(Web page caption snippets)
==*==

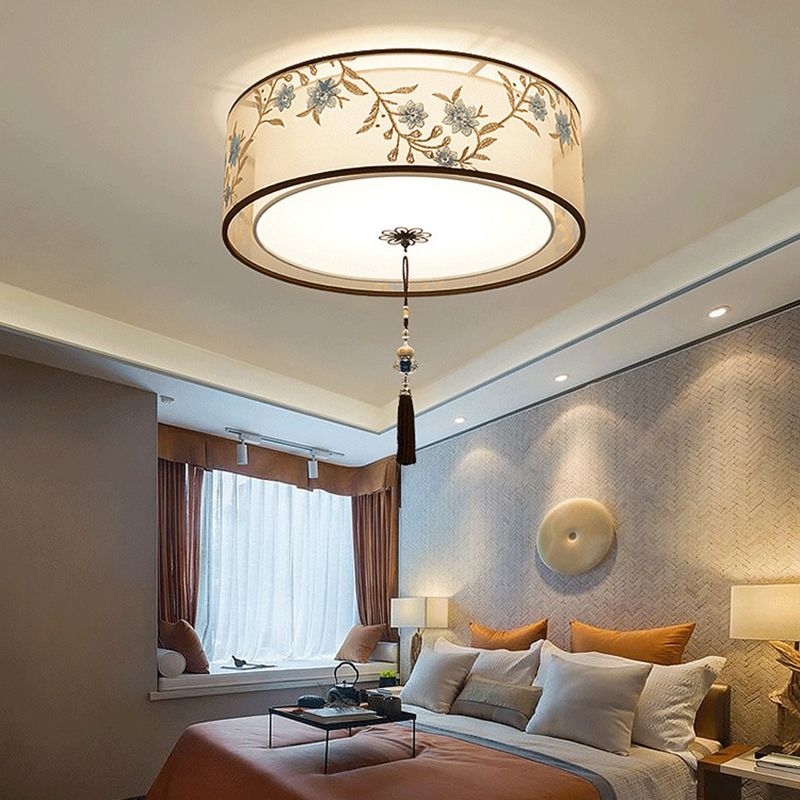 Geometry Shape Ceiling Lamp Tradition Iron Flush Mount with Fabric Lampshade for Hotel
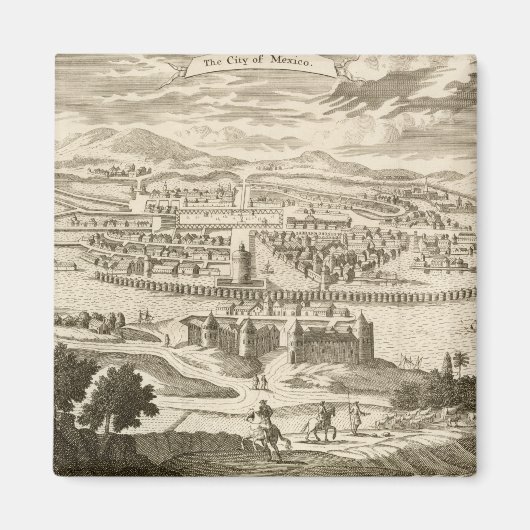 De stad Mexico, 1723 (graving) Magneet (Voorkant)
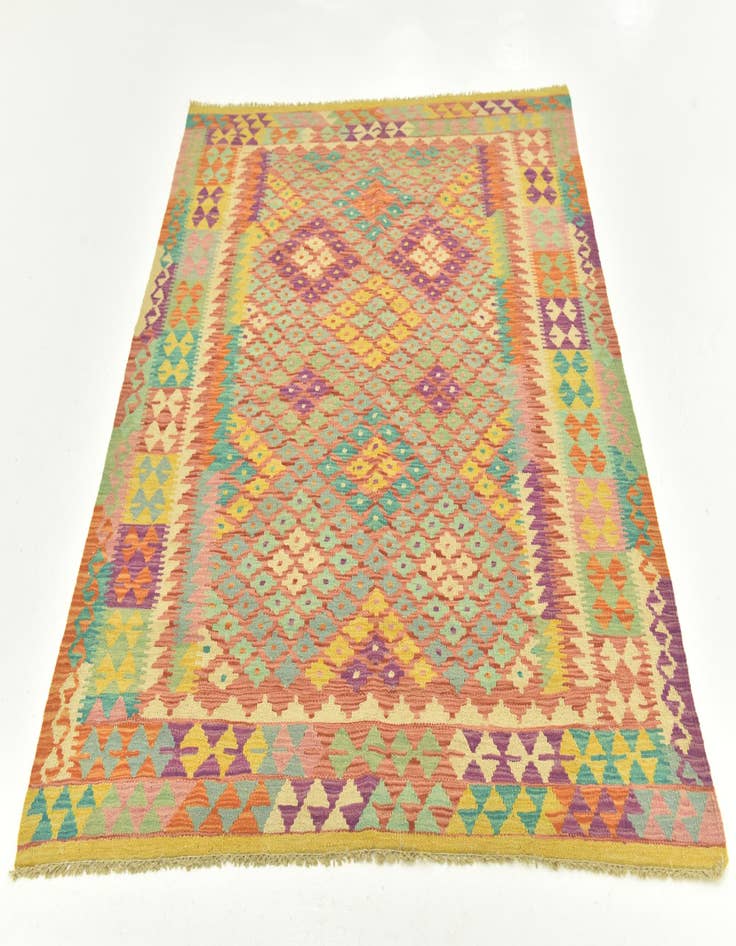 Detail image of  4' 9 x 6' 3  Hand Woven Kilim Maymana Wool Rug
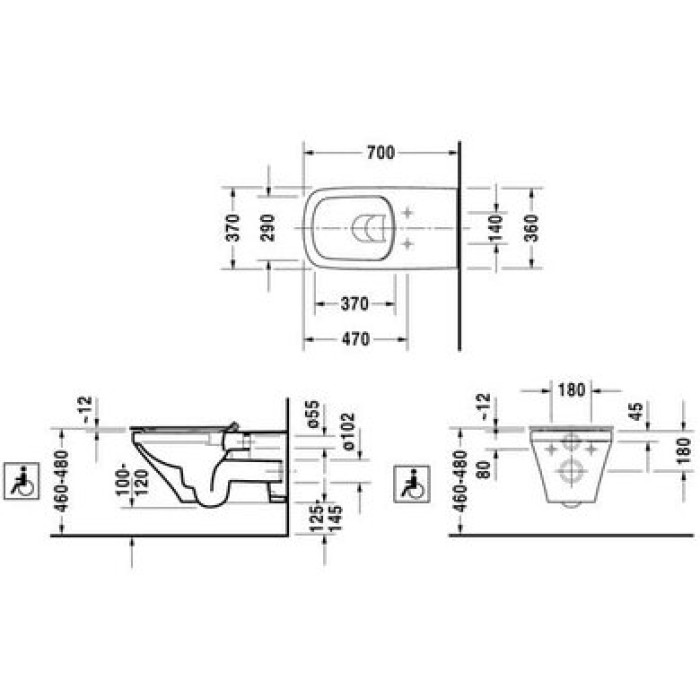 Плитка керамогранит Подвесной унитаз безободковый Duravit Rimless DuraStyle 2559090000 для пола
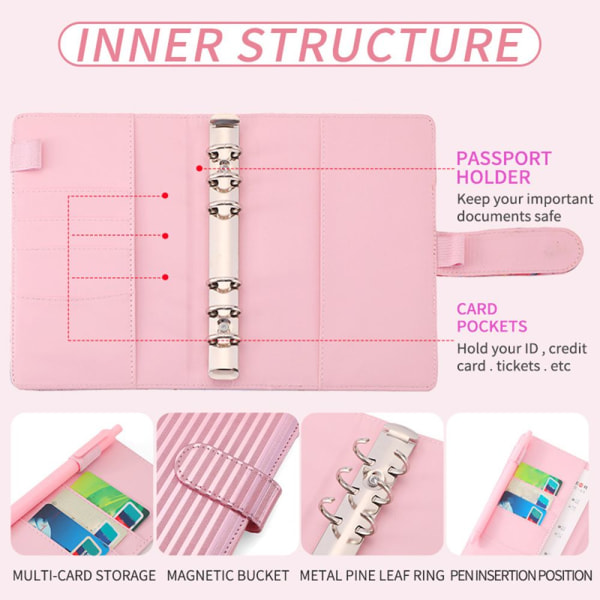 A6 Budget Binder Budget Organizer PINK - varastossa Pink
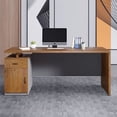thumbnail image 4 of Modern Wooden Office Desk Executive Workstation Aesthetic Luxury Standing Office Desk Computer Boss Escritorios Furniture SR50OD My Lux Decor Round, 4 of 26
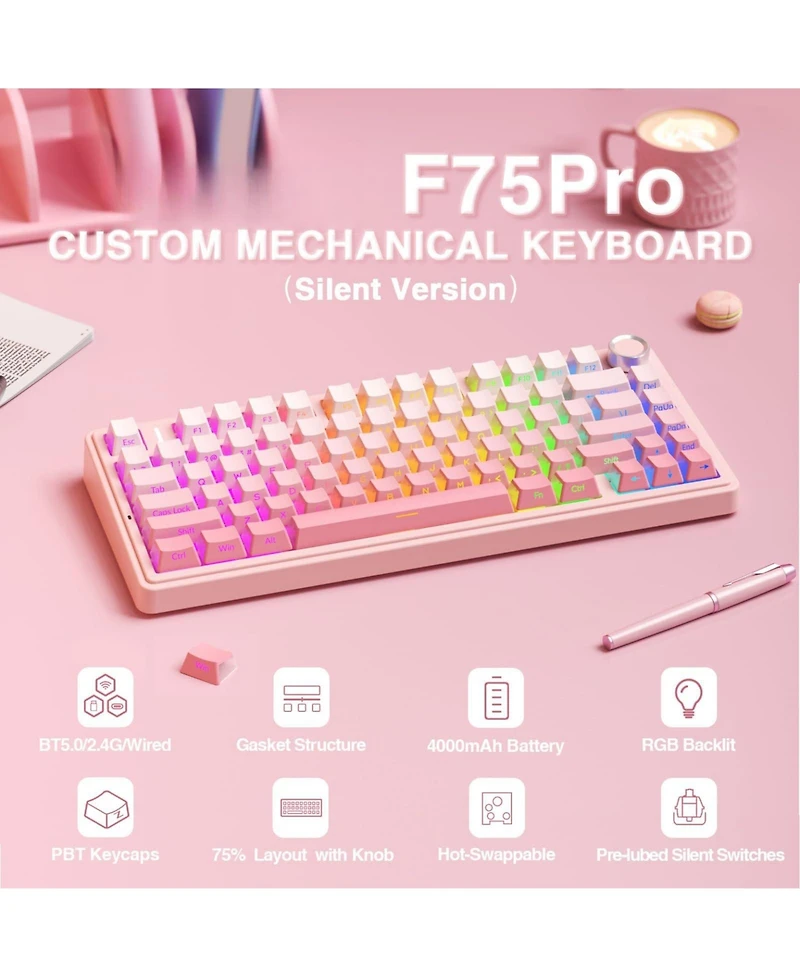 Lofree F75Pro Wireless Hot-Swappable Rgb Gaming Keyboard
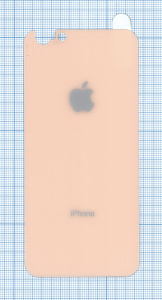 Защитное заднее стекло для iPhone 6/6S Plus золотое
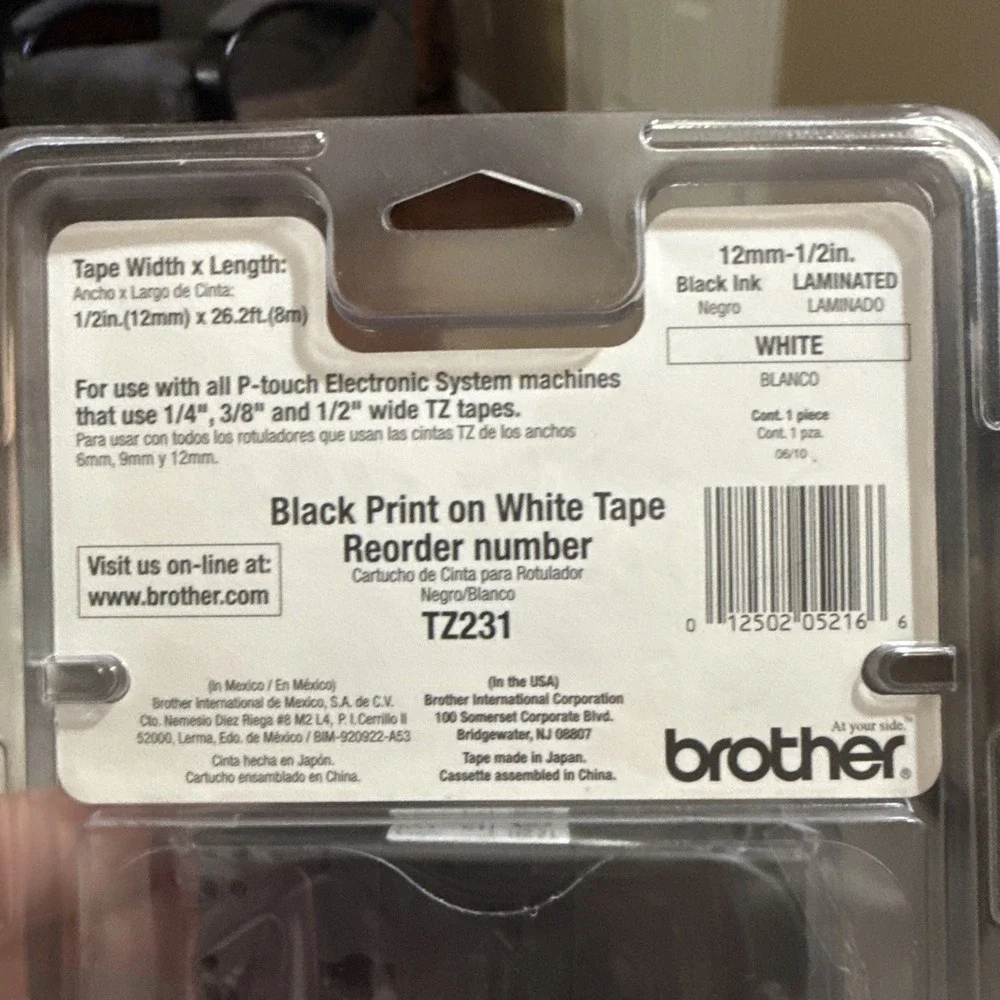 New Brother P-touch TZe-231 Black on White Tape 1/2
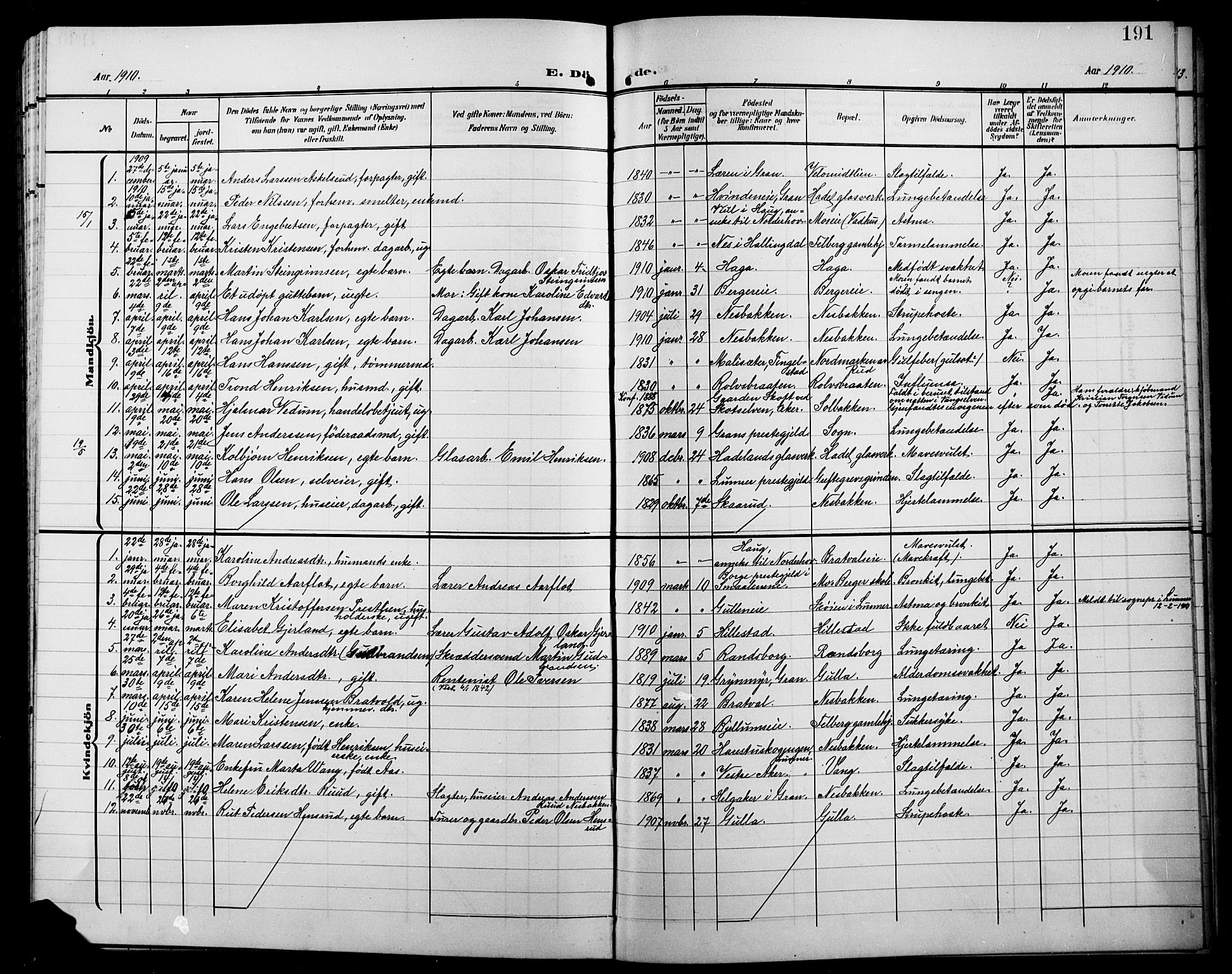 Jevnaker prestekontor, SAH/PREST-116/H/Ha/Hab/L0004: Parish register (copy) no. 4, 1907-1918, p. 191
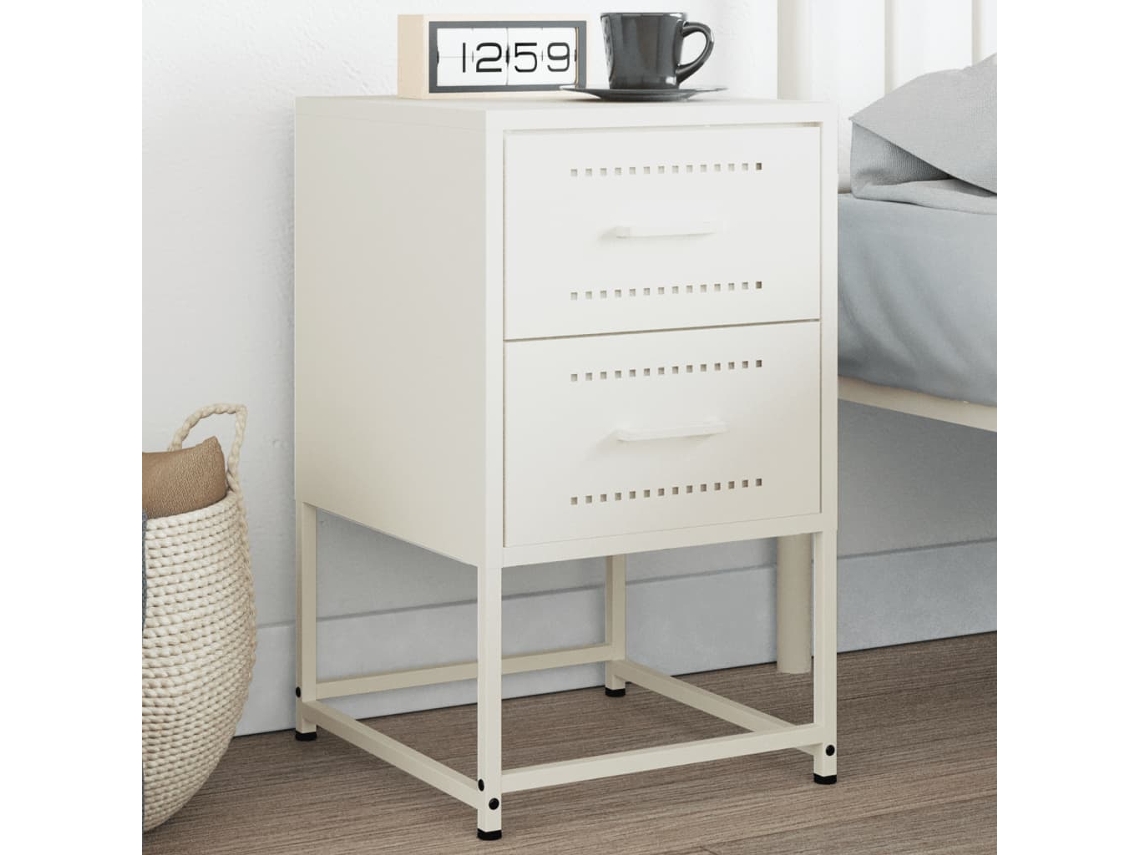 Vidaxl Mesa De Cabeceira 36x39x60,5 Cm Aço Branco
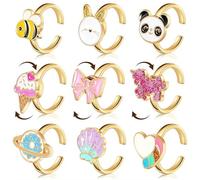 Cosmeria Set de 9 Anillos Anti Estrés, Anillos de Ansiedad Giratorios, Anillos Apilables y Ajustables para Calmar y Mejorar el Ánimo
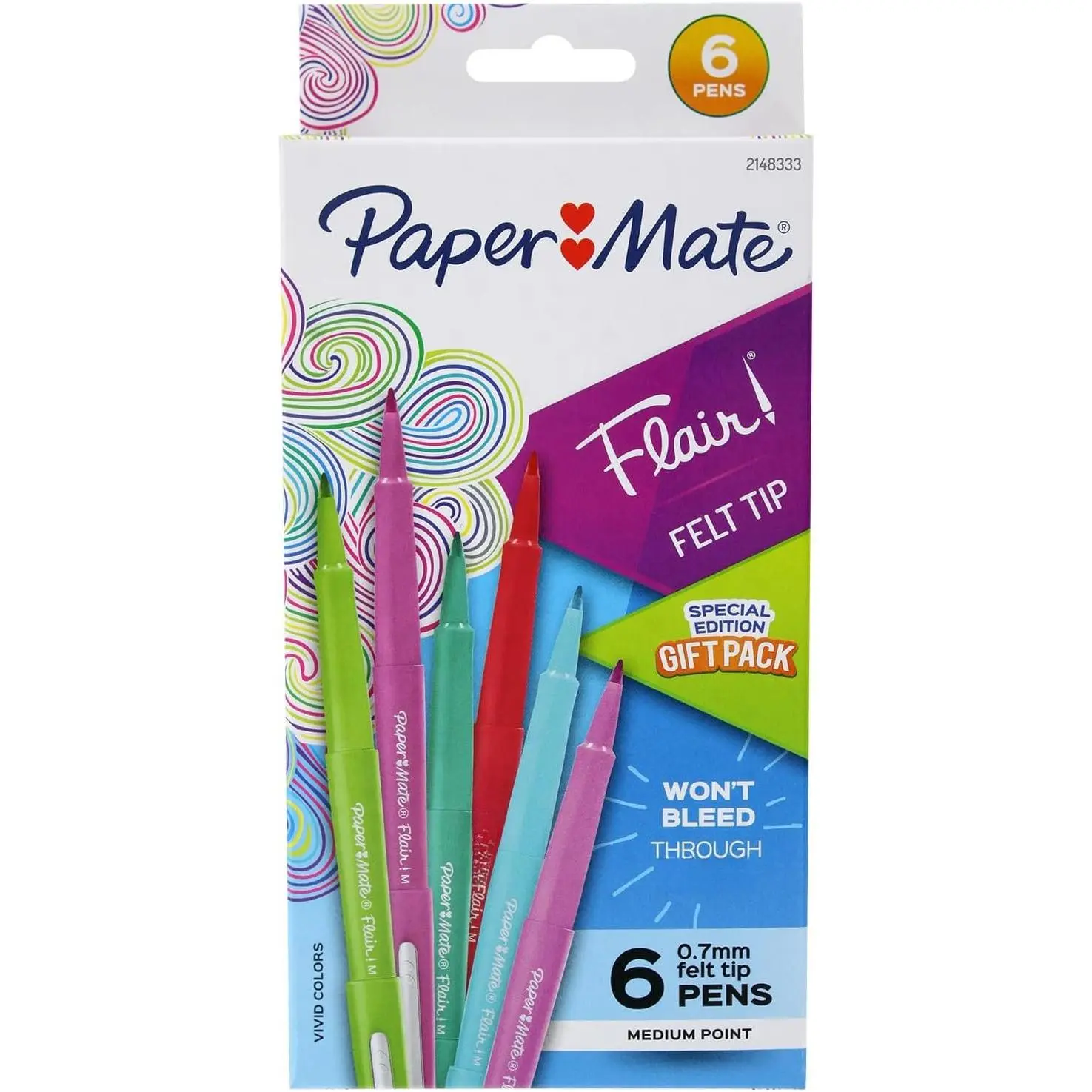 Flair Felt Tip Pens, Medium Point,  Colors, 6-Count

==*==

With the pictures left out, copy exactly the lines from the line holding "Защитное заднее стекло" through the final line of the records, including both.

 Защитное заднее стекло для iPhone 6/6S Plus золотое
 New Brother P-touch TZe-231 Black on White Tape 1/2
 Jevnaker prestekontor, SAH/PREST-116/H/Ha/Hab/L0004: Parish register (copy) no. 4, 1907-1918, p. 191
 Vidaxl Mesa De Cabeceira 36x39x60,5 Cm Aço Branco
 Cosmeria Set de 9 Anillos Anti Estrés, Anillos de Ansiedad Giratorios, Anillos Apilables y Ajustables para Calmar y Mejorar el Ánimo
 Flair Felt Tip Pens, Medium Point,  Colors, 6-Count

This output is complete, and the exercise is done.